Ford, Jaguar, Range Rover ve Land Rover gibi büyük markaların özel bayisi olarak otomotiv sektöründe çalışan el-Garivati, 2017 yılında Şam'daki fabrikalarından birini değerinin çok altında bir fiyata satması için eski rejim tarafından baskı gördü.

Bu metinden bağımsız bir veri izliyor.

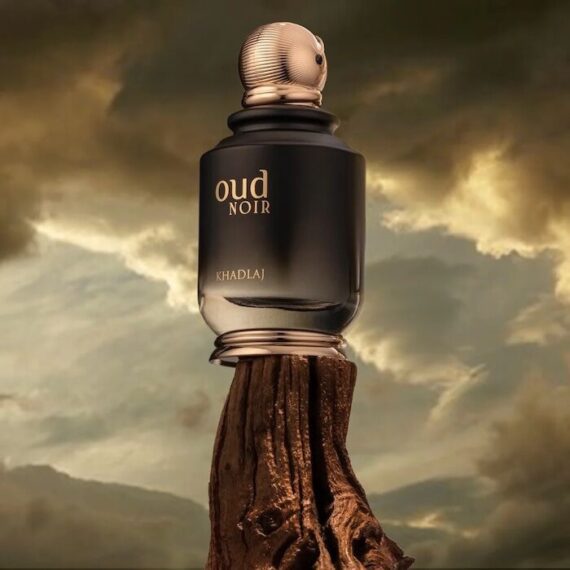 Khadlaj Oud Noir EDP 100ml
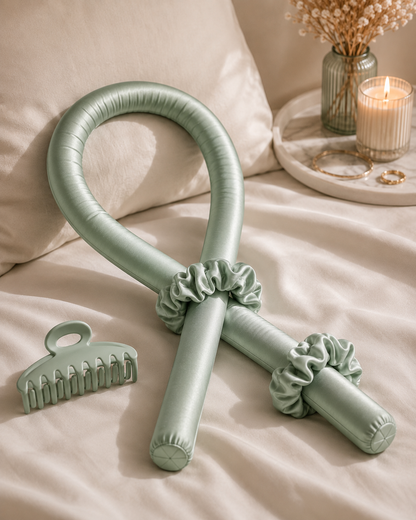 Velora Heatless Curl Ribbon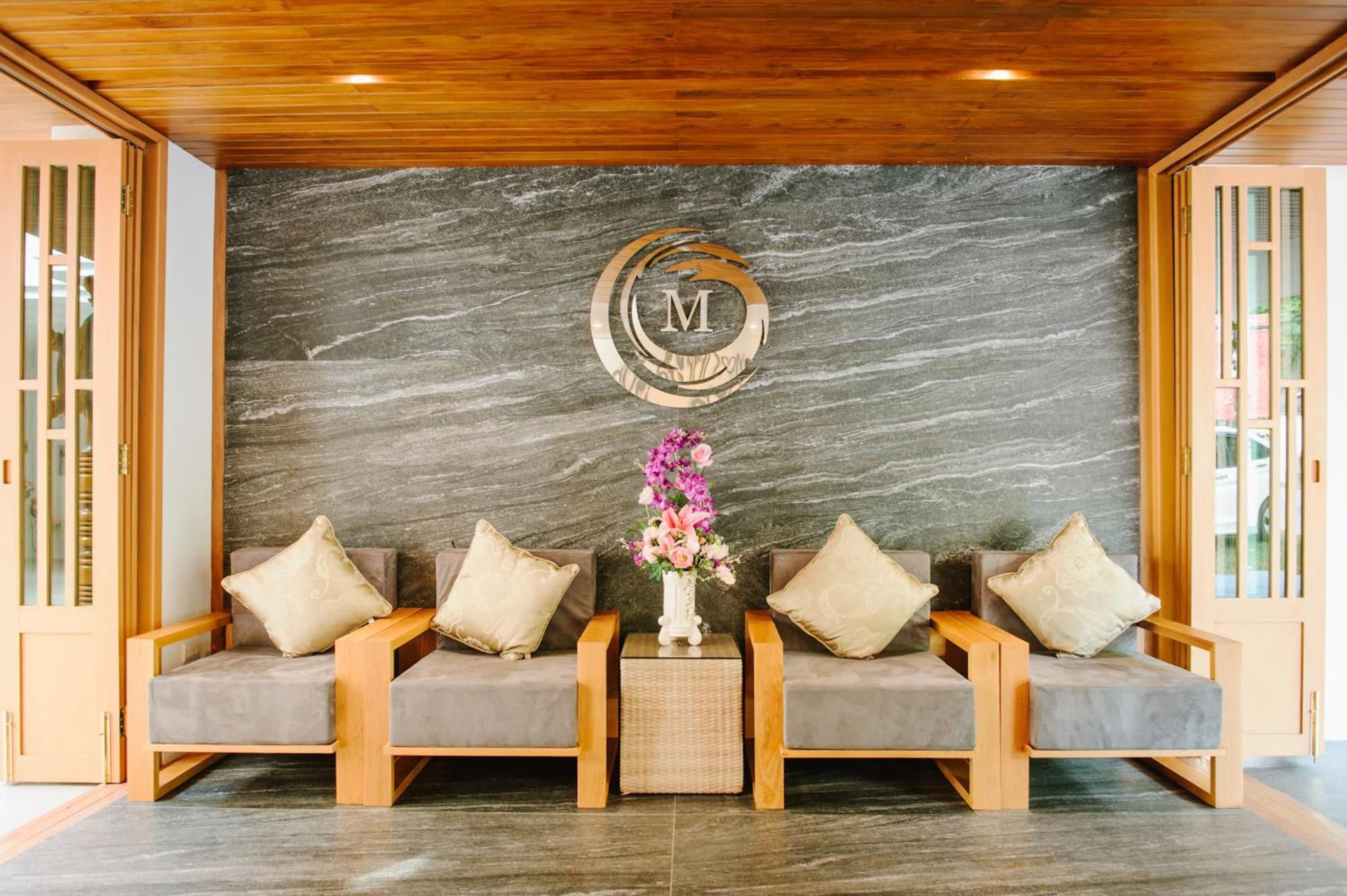 Moon Dragon Hotel Chiang Mai Luaran gambar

El-Garivati, “Ticaret Odası, en karanlık ve en zor koşullarda çalışmaya devam eden, büyük baskı altında olan ve ulusal ekonominin önemli bir parçası olan birçok kişi de dahil olmak üzere tüm Suriyeli tüccarlara açıktır” dedi.

İstisnai kararlar yok

El-Garivati tekel ve istisnalar politikasıyla ilgili olarak “Yeni Suriye'de tekel ya da istisnai kararlar yoktur. Hükümet üyeleri, Ekonomi Bakanı ve yetkililerle yaptığımız görüşmelerde, kamu yararı gereklilikleri dışında istisnai kararların iptal edileceğine ve bireylerin çıkarlarına uygun kararlar alınmayacağına dair güvence aldık” ifadelerini kullandı.

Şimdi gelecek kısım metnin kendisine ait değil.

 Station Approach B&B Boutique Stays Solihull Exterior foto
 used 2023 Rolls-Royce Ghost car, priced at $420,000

Şam Ticaret Odası'nın bir sonraki aşama programıyla ilgili olarak el-Garivati, yönetim kurulu üyelerinin oda için bir veri tabanı ve istatistik oluşturmak, tüccarların işlemlerini kolaylaştırmak için çalışmaları otomatikleştirmek, sergiler düzenlemek, pazarın ekonomik fizibilitesini incelemek için atölye çalışmaları yapmak ve uluslararası şirketlerle iletişim kurmak için çalışmayı planladıklarını söyledi. Tüzük ile ilgili olarak ise bir üyenin iki dönemden fazla seçilmesini ve başkanın sadece bir dönem için seçilmesini önleyecek değişiklik önerileri üzerinde çalışılacağını belirtti.

Kdkdk
Şam'daki bir döviz bürosu (AFP)

El-Garivati, yönetim kurulu üyeliği seçimlerinin rejimin devrilmesinin ardından daha önce seçim yapılmadan atanan yönetim kurulu üyeleri tarafından gerçekleştirildiği yönündeki eleştirilere cevaben şunları söyledi: “Suriye istisnai bir durum yaşıyor. Dolayısıyla bu durum altında alınan kararlar da istisnai. Bu nedenle Ticaret Odası yönetim kurulu üyeleri atandı, bunların hepsi Şamlı tüccarlar, hepsi son derece yetkin ve iyi bir üne sahipler. Bunlara herhangi bir itiraz olduğunu sanmıyorum ve yönetim kurulu üyeleri de özgür bir şekilde seçildi. Seçimler ilk kez tam bir şeffaflıkla yapıldı. İnanıyorum ki özgür bir Suriye'de özgür bir ticaret odası olacak.”

Şamlı bir iş ailesinin oğlu olan İsam Zuheyr el-Garivati, ABD'deki Kansas Üniversitesi'nden elektrik ve endüstri mühendisliği alanında lisans derecesine sahip. Kariyerine büyük uluslararası şirketlerle ortaklıklar kuran Ghreiwati Group'un CEO'su olarak başlayan ve otomotiv sektöründe işlerini genişleten el-Garivati, Suriye'den ayrıldıktan sonra ABD'de Audi ve Nissan bayilikleri de dahil olmak üzere 20'den fazla şirket kurdu.